The City University of New York, which has already outraged Israel supporters with its decision to honor anti-Israel playwright Tony Kushner, will also be taking the unusual step of flying a Palestinian flag at the upcoming commencement for City College, a spokesperson for the university told me today.
“The City College flies all of the flags that are flown at the United Nations,” the Vice President for Communications Mary Lou Edmondson told me. “It has nothing to do with foreign policy.”
But there’s one problem—the United Nations doesn’t fly the Palestinian flag. It only flies the flags of its 192 member states.

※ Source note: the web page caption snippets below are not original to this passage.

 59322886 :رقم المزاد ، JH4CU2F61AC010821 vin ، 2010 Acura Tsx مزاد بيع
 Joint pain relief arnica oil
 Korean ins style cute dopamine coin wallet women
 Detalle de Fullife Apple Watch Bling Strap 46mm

Then what prompted the college’s decision? I’ve asked Edmonson to clarify her statement, and haven’t heard back yet. But it seems pretty obvious that politics did play a role. CUNY’s City College hasn’t flown the flag in previous years, and so this decision had to have been made recently. And with the Kushner debate still raging, the Israeli-Palestinian conflict is a no doubt the most volatile subject on campus.

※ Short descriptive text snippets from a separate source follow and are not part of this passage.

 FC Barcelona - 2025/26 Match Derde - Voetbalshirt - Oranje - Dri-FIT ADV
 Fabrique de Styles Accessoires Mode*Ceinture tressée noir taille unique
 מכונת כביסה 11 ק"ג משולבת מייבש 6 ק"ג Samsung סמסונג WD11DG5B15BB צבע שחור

Jeffrey Wiesenfeld, who’s been at the center of the Kushner controversy, said that the flag issue seemed to point to a double-standard at the university.
“I would think if we were going to fly the flags of aspiring nations, then we should certainly those of aspiring nations that have been in the mix even longer, like Tibet, like Kurdistan,” Wiesenfeld said. “In other words, whatever the policy is, it should be based on a consistency, but not a fashion of the moment.”

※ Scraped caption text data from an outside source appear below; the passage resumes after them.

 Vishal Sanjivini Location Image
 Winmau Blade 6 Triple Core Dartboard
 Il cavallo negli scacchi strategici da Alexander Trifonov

One City College faculty member said it reflected a deeper problem in academia. “It seems completely inappropriate, considering that there are no other flags of non-nations,” she said. “I just personally feel very upset by it because I feel that there’s so much anti-Israel sentiment in general, and specifically on college campuses.”
Flying the Palestinian flag is not a problem in itself. But flying it alongside the flags of UN member countries, at a public university, makes a particular statement. It says that CUNY’s City College is recognizing the state of Palestine, and its quest for UN member status, regardless of the outcome of the peace process. The college is free to argue that this has “nothing to do with foreign policy,” but the reality speaks for itself.
Update: CUNY’s City College VP of communications Mary Lou Edmondson emails this response: “I regret that I misspoke about the flags flown at the United Nations. At this time, in this 10th anniversary year of 9/11, we are focused on prominently displaying ten American flags in silent commemoration of the thousands of men and women who lost their lives.”